If you've been pouring over last year's race results and have come to the conclusion that your triathlon run could use improvement, there are several ways to go about getting faster. This column offers seven strategies you can use. You may want to try more than one strategy at the same time, but be cautious about trying to employ all the strategies at the same time and overdoing it.
Rest Up for Key Triathlon Run Workouts
Triathletes that are strong swimmers and cyclists usually love to go fast in those workouts. It's fun to go fast. If running is a limiter, you need to be sure that you do not put your quality run speedwork day within 24 to 48 hours following a tough swimming or cycling workout. The swim and bike workouts preceding key triathlon run workouts need to be primarily aerobic or form work.
Add One More Run to Your Week
If you're currently running two or three days per week, add one more, short, aerobic run to your training mix.
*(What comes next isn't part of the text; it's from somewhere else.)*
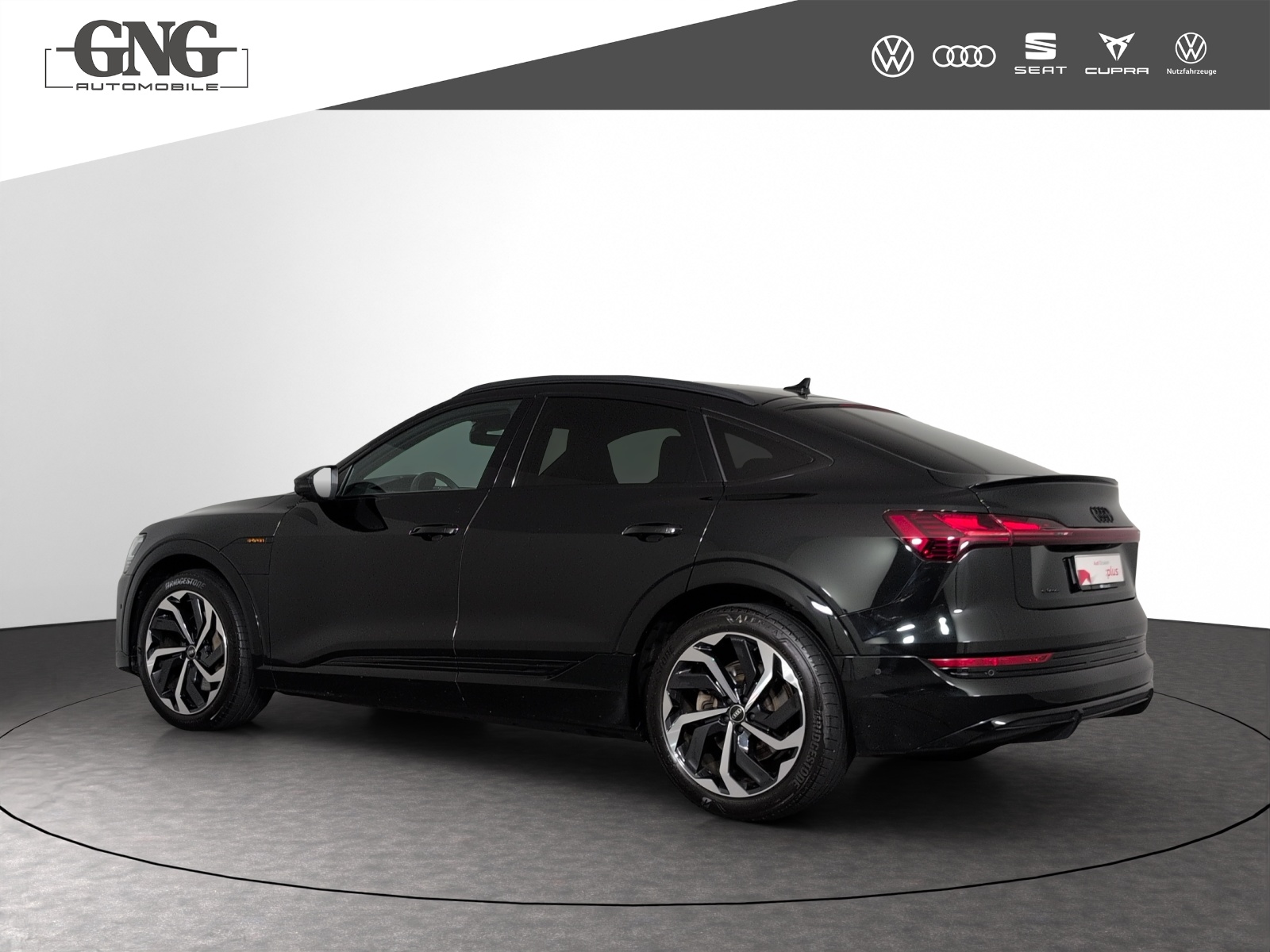 AUDI e-tron 55 Sportback S Line Black Edition quattro-image-1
Some triathletes find that adding one more run workout in the 20- to 30-minute range is enough to boost speed.
Remove a Run From Your Week
For triathletes running four or five times per week, peeling out one day of running and adding more recovery will often help improve running speed.
Include a Run-Focused Training Block
For many triathletes, there is a balance to the number of workouts they perform in each sport, each week. For example, it's common to have two or three workouts in each sport—swimming, cycling and running—every week.
It's also common for intermediate and advanced triathletes to include a big block of cycling within one training block, while minimizing or eliminating swimming and running. This is easily accomplished by participating in a bicycle tour. This type of big volume training is often called "crash training."
Crash training isn't used as often in running because a big block of running carries more risk of injury. Additionally, overall training volume will need to be reduced if you decide to do a run-focused week of training. For example, if you are currently training 12 hours per week with swimming, cycling and running workouts, it's fairly low risk to do a week of just cycling at 12 or more hours. It's high risk, however, to do a week of just running at 12 or more hours.